Problem : Predicting the prices of houses based on their characteristics

Method  : Probability-based learning

Model   : Bayesian regression

In [10]:
# Import required libraries
import pandas as pd
import numpy as np
from sklearn.model_selection import train_test_split
from sklearn.preprocessing import StandardScaler
from sklearn.linear_model import BayesianRidge
from sklearn.metrics import mean_squared_error, mean_absolute_error, r2_score

# Load the dataset
housing_data = pd.read_csv('https://raw.githubusercontent.com/Yamin88/datasets/main/california_housing.csv')

# Encode categorical variable using one-hot encoding
housing_data = pd.get_dummies(housing_data, columns=['ocean_proximity'])

# Impute missing values using median value of each column
housing_data = housing_data.fillna(housing_data.median())

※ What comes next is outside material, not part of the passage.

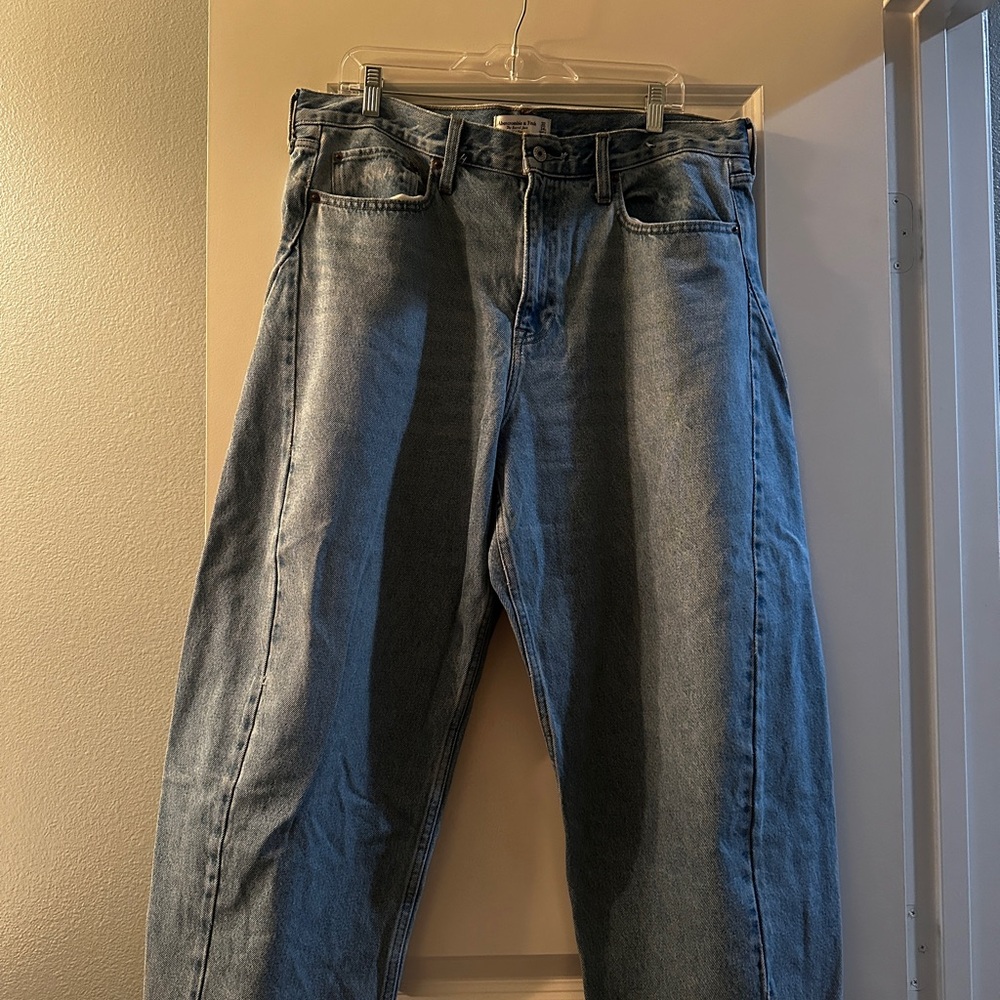 Abercrombie & Fitch Barrel Jean Curve Love size 14 short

# Split the dataset into training and testing sets
X_train, X_test, y_train, y_test = train_test_split(housing_data.drop(columns=['median_house_value']), 
                                                    housing_data['median_house_value'], 
                                                    test_size=0.2, random_state=42)

# Scale the features
scaler = StandardScaler()
X_train_scaled = scaler.fit_transform(X_train)
X_test_scaled = scaler.transform(X_test)

# Feature Selection
corr_matrix = housing_data.corr()
corr_matrix['median_house_value'].sort_values(ascending=False)

# The most important features are median_income, total_rooms, housing_median_age, and latitude.

# Train the Bayesian regression model
bayesian_reg = BayesianRidge()
bayesian_reg.fit(X_train_scaled, y_train)

# Make predictions on the testing set
y_pred = bayesian_reg.predict(X_test_scaled)

# Evaluate the performance of the model
mse = mean_squared_error(y_test, y_pred)
mae = mean_absolute_error(y_test, y_pred)
r2 = r2_score(y_test, y_pred)
print('Mean Squared Error: {:.2f}'.format(mse))
print('Mean Absolute Error: {:.2f}'.format(mae))
print('R^2 Score: {:.2f}'.format(r2))


Mean Squared Error: 4906991239.61
Mean Absolute Error: 50661.80
R^2 Score: 0.63